→ Work required
Please reproduce all entries word for word and omit their pictures.

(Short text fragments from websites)
==*==
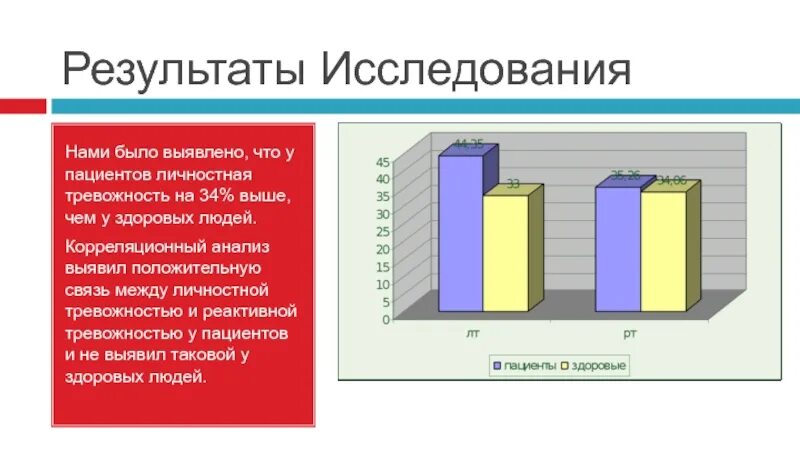 Отклонения в состоянии здоровья студента. Результаты исследования. Результаты исследования тревожности. Личностная тревожность. Статистика по уровню тревожности.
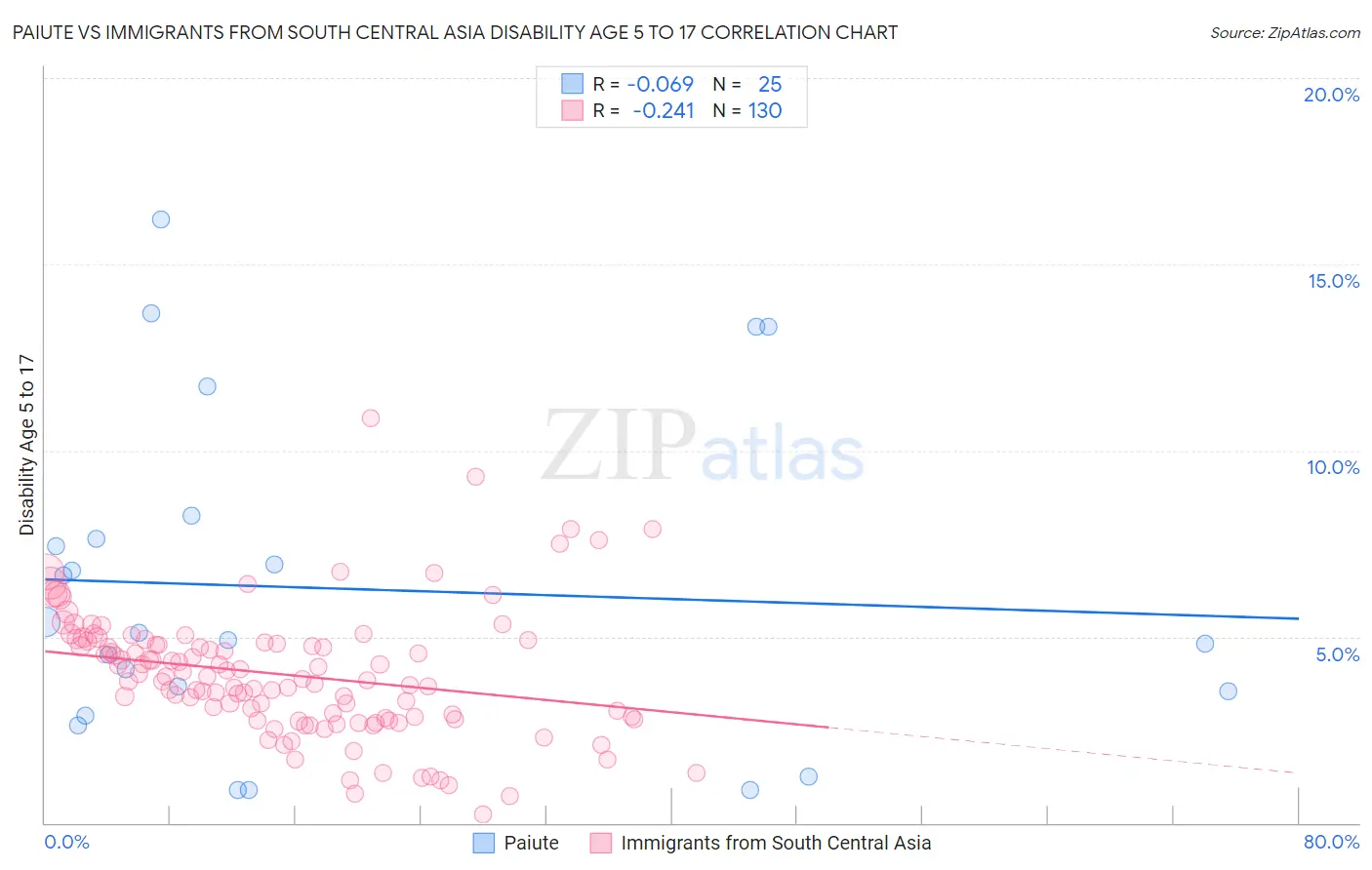 Paiute vs Immigrants from South Central Asia Disability Age 5 to 17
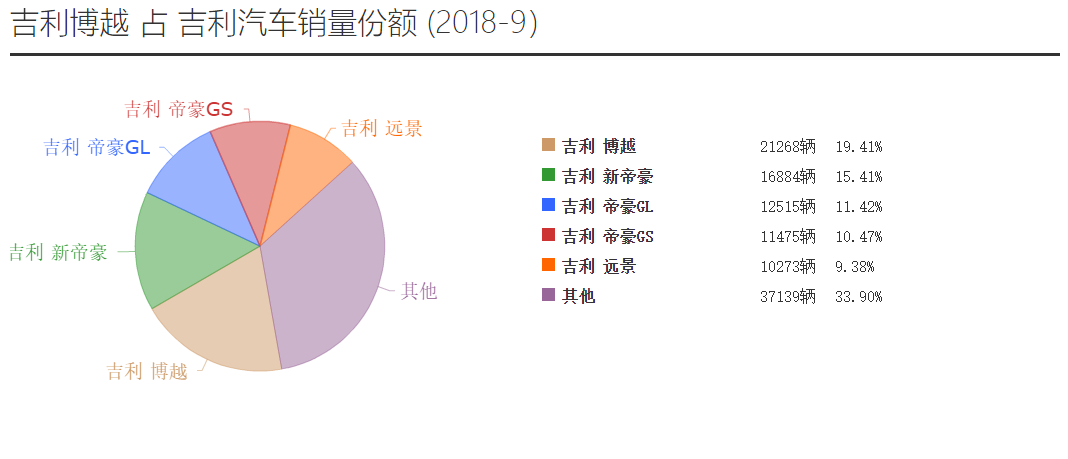 合资汽车品牌划分几线，市场格局与消费者选择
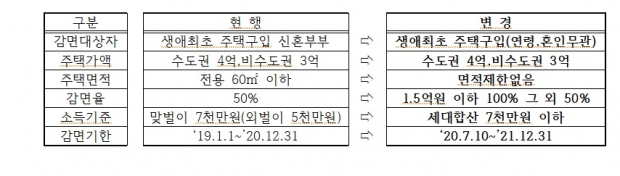 생애 최초 구입주택 취득세 면제요건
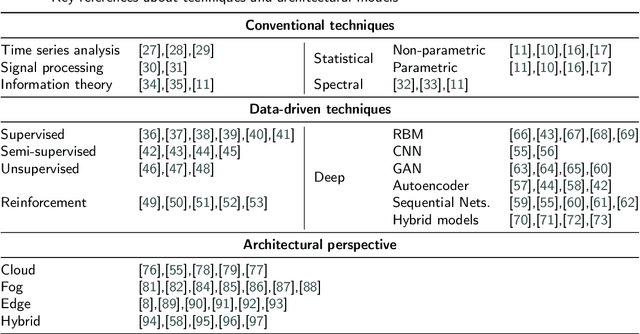 Figure 3 for Smart Anomaly Detection in Sensor Systems: A Multi-Perspective Review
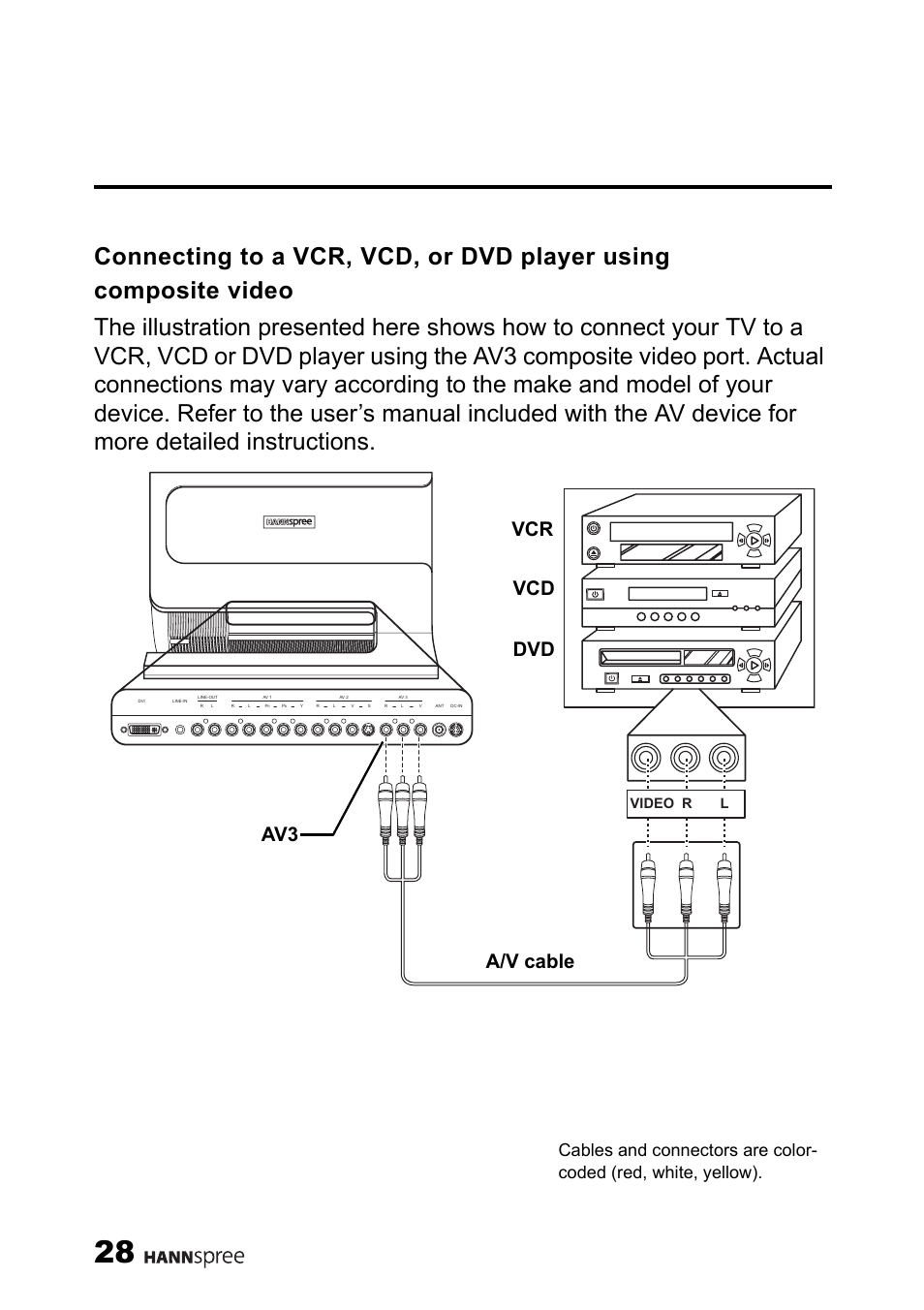 Vcr dvd vcd av3 a/v cable, Rvideo l | HANNspree LT11-23A1 User Manual | Page 29 / 81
==*==
→ Exercise output
 Отклонения в состоянии здоровья студента. Результаты исследования. Результаты исследования тревожности. Личностная тревожность. Статистика по уровню тревожности.
 Paiute vs Immigrants from South Central Asia Disability Age 5 to 17
 合资汽车品牌划分几线，市场格局与消费者选择
 생애 최초 구입주택 취득세 면제요건
 Figure 3 for Smart Anomaly Detection in Sensor Systems: A Multi-Perspective Review
 Vcr dvd vcd av3 a/v cable, Rvideo l | HANNspree LT11-23A1 User Manual | Page 29 / 81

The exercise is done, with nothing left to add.